Lately while driving the malibu for my usual early morning 20mile sunday drives(weather permiting) just to keep the car in working condition since it is not a daily driver, i only drive it to car shows, swap meets, cars and coffee, etc., i've noticed the "check eng" and "battery" light is dimly lit off and on, no unusal noises, i'll have to have it checked.

In the mean time, im thinking about upgrading it to the 12SI alternator that puts out a little more power, like the 94A model, its for future upgrades, right now, im just running with standard headlights, parking lamps, brake light and turn signal bulbs, no LEDs of any kind, no radio or amp installed, no other power accessory, everything is manually operated.

I remember doing the same swap with a '75 chevelle hotrod i built back in the mid 90s, i removed the 10SI alternator that was factory installed and went off to a local junkyard and found some early to mid 80's model car and pulled the 12SI alternator of it, paid for warranty and i then had it tested at a local autozone, luckily it checked out just fine, and it worked like a charm since then.

Any thoughts about this one from amazon, the electrcal connections and the mounting postions shown are clocked the same as my current 10SI alternator, makes for a perfect match, or would i be better off just sticking with the 10SI 63A alternator.

 
Do you have a "one wire" on it now? If so, do whatever as your wiring system is set up for it. If you don't, I wouldn't advise using the one-wire alternators on a street driven car, especially if it's not used often. Unless you put it on a float charger, aka battery tender. One wire alterators are a gimmick and do NOTHING to help out your car.

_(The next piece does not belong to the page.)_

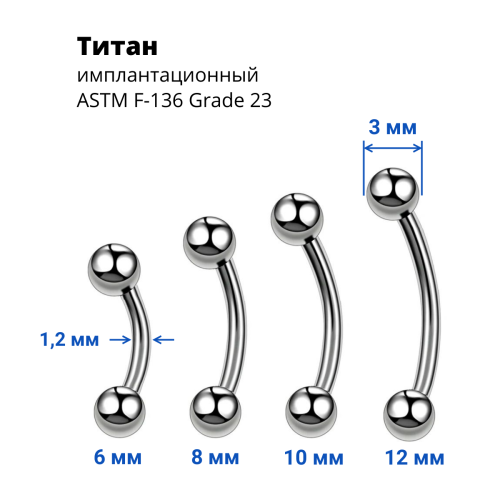 Интернал-микробанан 1,2 мм для пирсинга брови, губы, уха. Титан. IBNE16T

Get the 12SI as they're 78 A out the door, and possibly 94 A. They even have kits to do 140, however, unless you have a lot of power usage, I'd stick with the stock outputs.
 
Still running original 3wire factory setup and would prefer to keep it that way, no mods.

10SI alt.JPG
 
You may want to think about a CS130 instead, just get one with the proper clocking and swap a V belt pulley on it. The CS alternators puts out better at low RPMs than the SI series. I run a CS130 on my L69 305. Whatever alternator you go with, stay with a 3 wire setup.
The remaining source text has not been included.